Mexican for one are not Hispanic or Latinos, but indigenous- in fact, more indigenous in numbers and blood than "Native Americans" who aside from Alaskan natives and Polynesians (but not Puerto Ricans-hmmmmm) are for the most are not "pure" indigenous but also have Anglo, French, Spanish, and other European blood. In fact, (and it's a fact folks) the Mexican population is 30% PURE indigenous and the other 60% are predominately indigenous and Spaniard, while the total American population again including Alaska, Hawaii, but again, not including Puerto Rico is ONLY 1.6% indigenous- and most of those "Native Americans" are also "mestizo" having chiefly British, French, and Spanish blood. So why call us Latinos and Hispanics? ITS SIMPLE- to keep us "foreigners", "immigrants", and to keep us from our rightful place not only in this country, but throughout this continent. "Latinos" are immediately relegated with immigrants the same way if not even made more foreign than far away immigrants from the other side of the planet Russia, China, Philippines, Africa, etc., yet Mexicans who again, are chiefly indigenous, and are a threat to those who know this to be true, are made foreigners in our own ancestral homeland. Indigenous people are not immigrants, but migrants who have flowed like water for centuries and come from the north just as much as from the south. We have not just been in this side of the globe for a few generations or centuries which Anglos and others can say, but are indigenous and go back thousands of years, which no one else can say. If others dare to claim they are just as indigenous as we, than we should rightfully claim that our ancestral homeland is in the primmest real estate in Europe and Africa, and maybe we could “colonize” there as well. The view is a myth and incorrect, that only U.S. government recognized "Native Americans" from Alaska, Hawaii, Washington, Maine, Florida, and Caifornia have a birthright to go and come anywhere throughout the U.S., but not an indigenous person from 1 inch inside the Mexican border (created by Anglos).
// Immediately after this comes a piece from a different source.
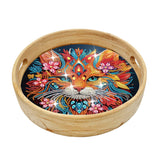 Animal-Round Diamond WoodenDinning Table Tray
Sources of U.S./Mexican indigenous demographics: United State Central Intelligence Agency “World factbook”.
Also look up "All Of Mexico Movement" and "Manifest Destiny"
RM, The People's Channel
hispanic and asians lumping people together with little in common...how do you think the terms black and white work?
It feels amazing to know that there's people out there that know the truth about our ancestral background. I agree with everything you said on this post. We need to keep spreading and share this knowledge with other people, as they might be ablivious to the real truth, the real history.
It feels amazing to know that there's people out there that know the truth about our ancestral background. I agree with everything you said on this post. We need to keep spreading and share this knowledge with other people, as they might be ablivious to the real truth, the real history.
The interesting thing is that the term "Hispanic" was actually created to "whiten" Native Americans and all other passable or potentially passable ethnicities. It was to remind people that they ALL have Spanish henceforth European lineages. This country has always made the "other" group of the moment into "white" people. Being "white" is not a race or ethnicity, it is a social class, one of which this country always wants to maintain as the majority group, so what happens, every so many decades, whether it be the Irish, Italians, Slavs, Jews, Greeks,Mexicans or whoever else is chosen becomes White.